September 30, 2009 at 12:51 pm
Latency between our Distributor and the Subscriber is usually is less than 10 seconds. However sometimes (once or twice a month) it gets behind several minutes, or even a couple of hours. We haven’t been able to put our finger on any specific user activity or processing that precipitates the latency problem. We never have latency issues between the Publisher and the Distributor – only between the Distributor and the Subscriber. When we have these latency issues, transactions and commands are still replicated - as viewed with Replication Monitor - but they just seem to slow down. Transactions will eventually catchup on their own, but there may be latency issues for a few hours. This is one-way, push, transactional replication. The Subscriber is used mainly for read-only public access and job/report processing.
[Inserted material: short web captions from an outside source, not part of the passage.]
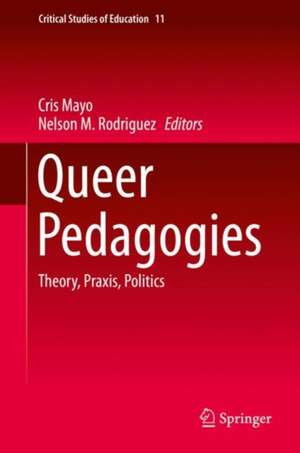 Queer Pedagogies: Theory, Praxis, Politics de Cris Mayo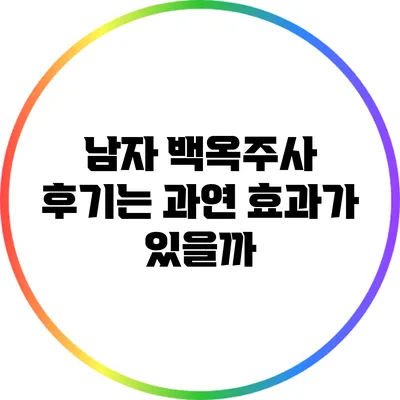 남자 백옥주사 후기는 과연 효과가 있을까?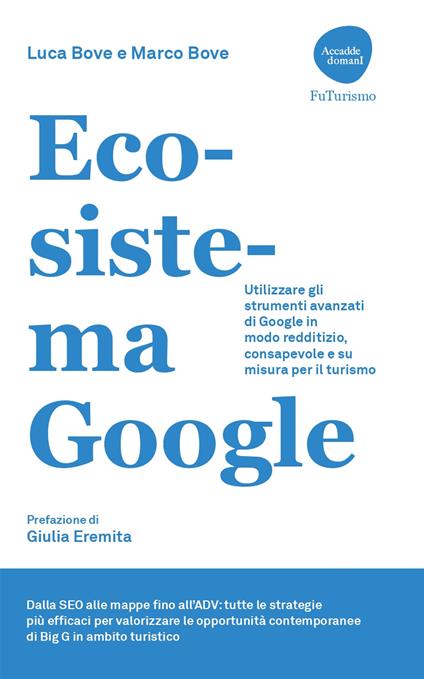 Ecosistema Google. Utilizzare gli strumenti avanzati di Google in modo redditizio, consapevole e su misura per il turismo - Luca Bove,Marco Bove - copertina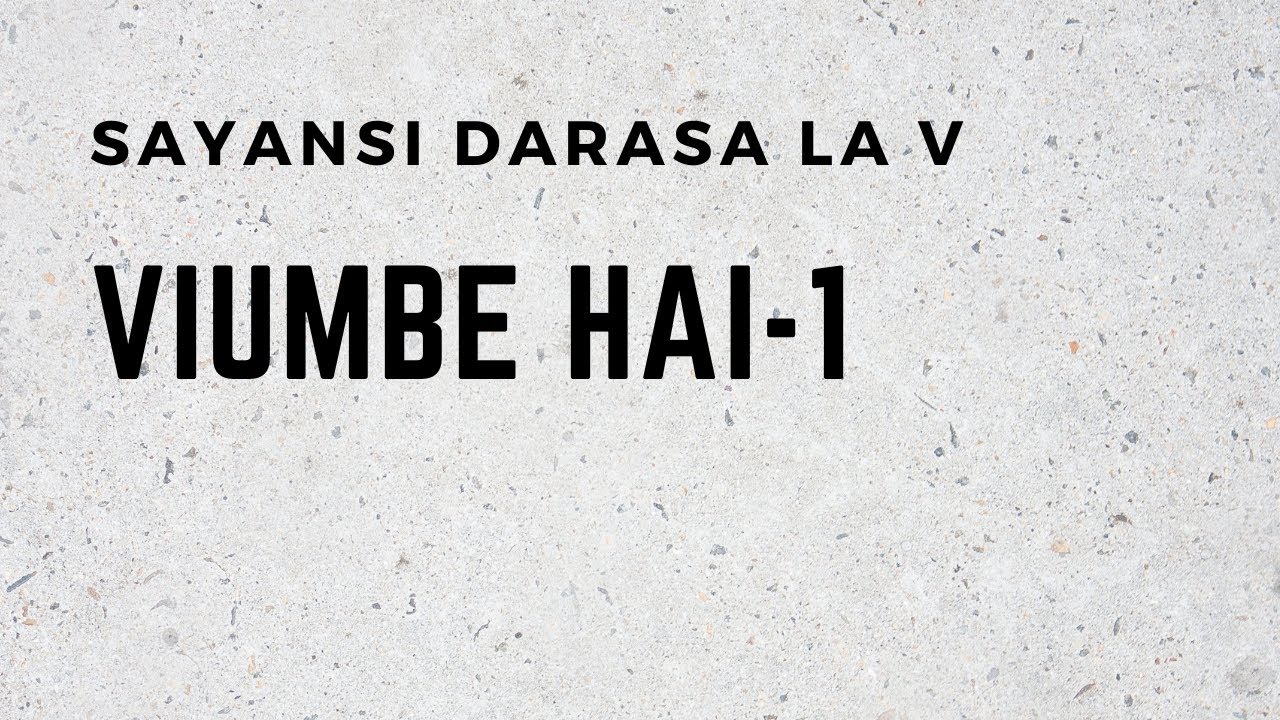 SAYANSI DARASA LA  V   VIUMBE HAI   1 YA 3
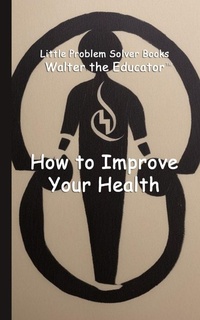 Enlarge image Cover: How to Improve Your Health - Silent King Books
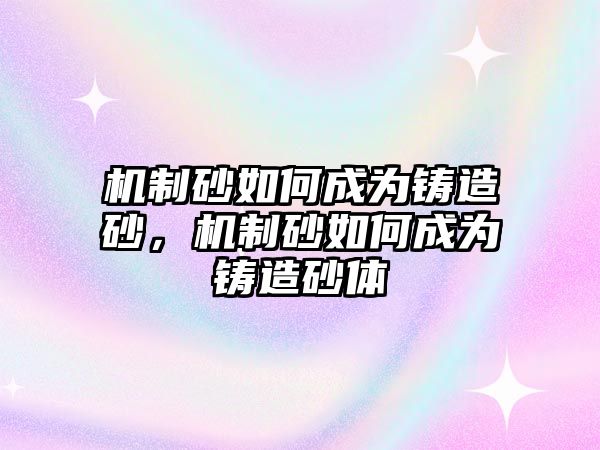 機(jī)制砂如何成為鑄造砂，機(jī)制砂如何成為鑄造砂體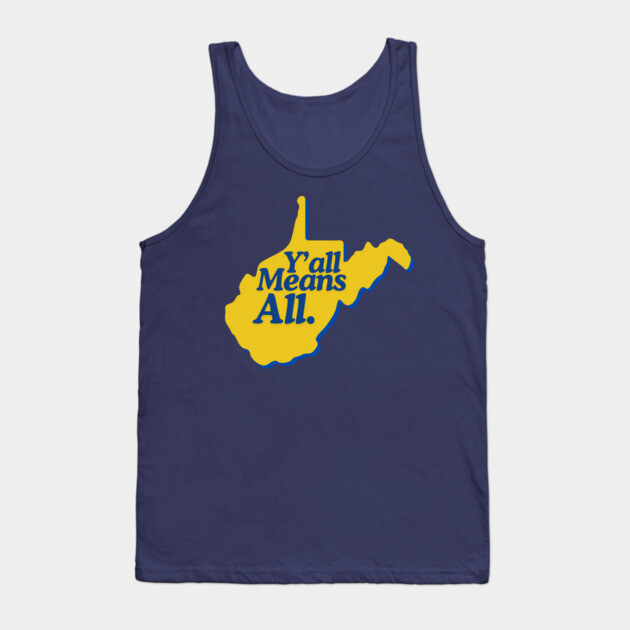 Y’all Means All West Virginia LGBTQ Pride Tank Top by casualteesinc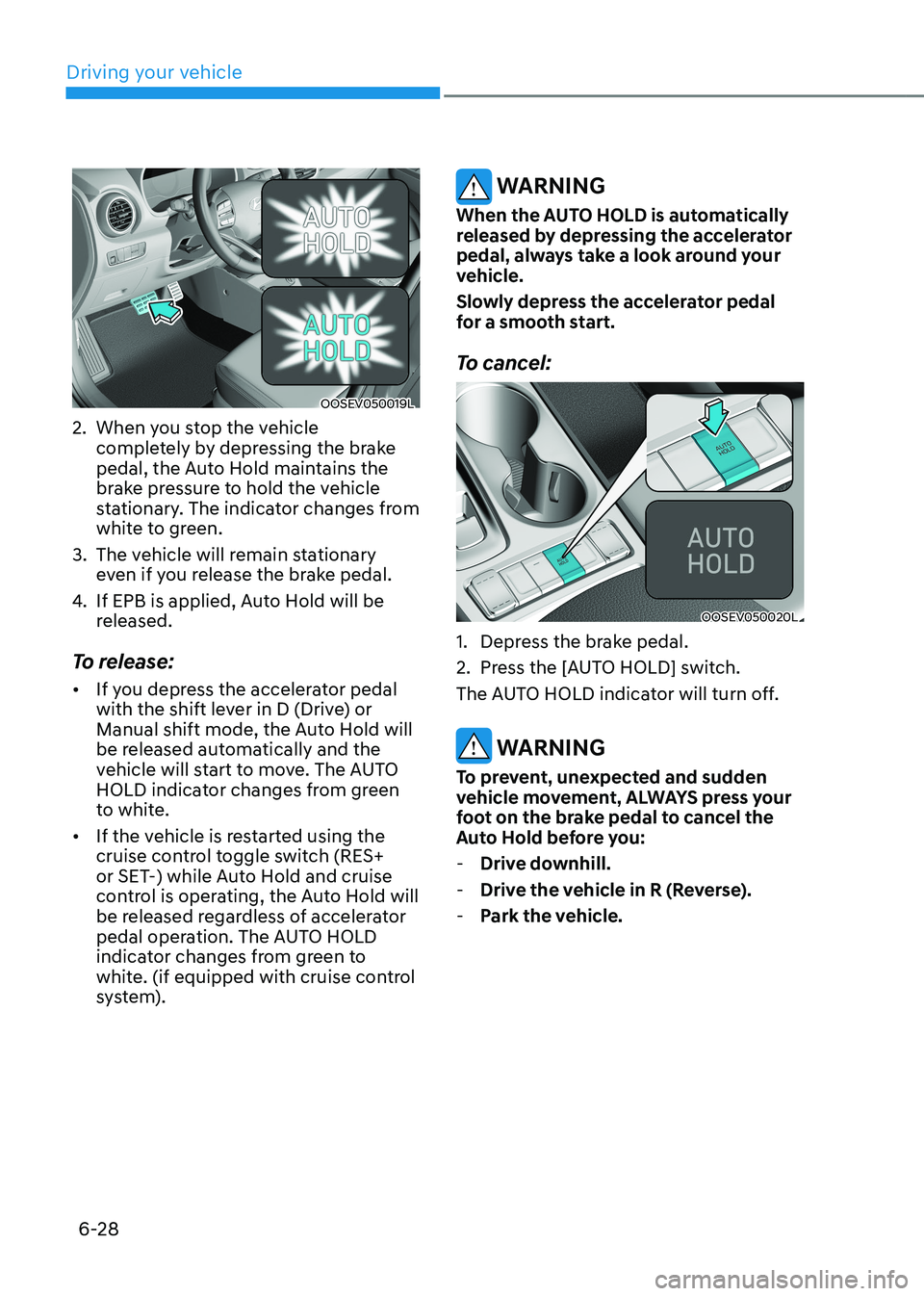 HYUNDAI KONA EV 2023 Owners Manual Driving your vehicle
6-28
OOSEV050019L
2. When you stop the vehicle completely by depressing the brake
pedal, the Auto Hold maintains the
brake pressure to hold the vehicle
stationary. The indic HYUNDAI KONA EV 2023 Owners Manual Driving your vehicle
6-28
OOSEV050019L
2. When you stop the vehicle completely by depressing the brake
pedal, the Auto Hold maintains the
brake pressure to hold the vehicle
stationary. The indic
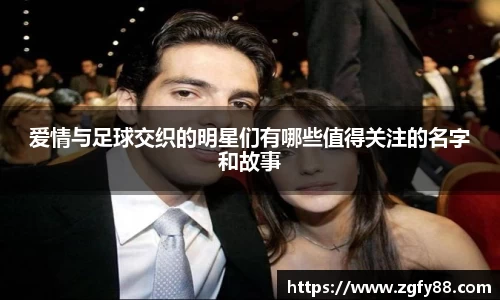 爱情与足球交织的明星们有哪些值得关注的名字和故事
PerfMon doesn’t show any CPU or Memory problems.
Our Environment:
SQL Server 2005 SP3/CU1 64 bit Enterprise Edition
Windows Server 2003 Enterprise x64 w/SP2
Intel Xeon CPU 3.40GHz – 8 physical CPUs per node
64GB Memory per node
SAN disks - all RAID 10
Active/Active Cluster
Node1: Publisher, Distributor, Cluster Group, MSDTC
Node2: Subscriber
Publisher: Max Mem set to: 32768
Distributor: Max Mem set to: 10240
Subscriber: Max Mem set to: 20480
(If everything is forced to run on one node, this should leave about 2GB for the OS)
Distribution agent is set for Continuous transaction replication – Push subscription.
The application is vendor supplied.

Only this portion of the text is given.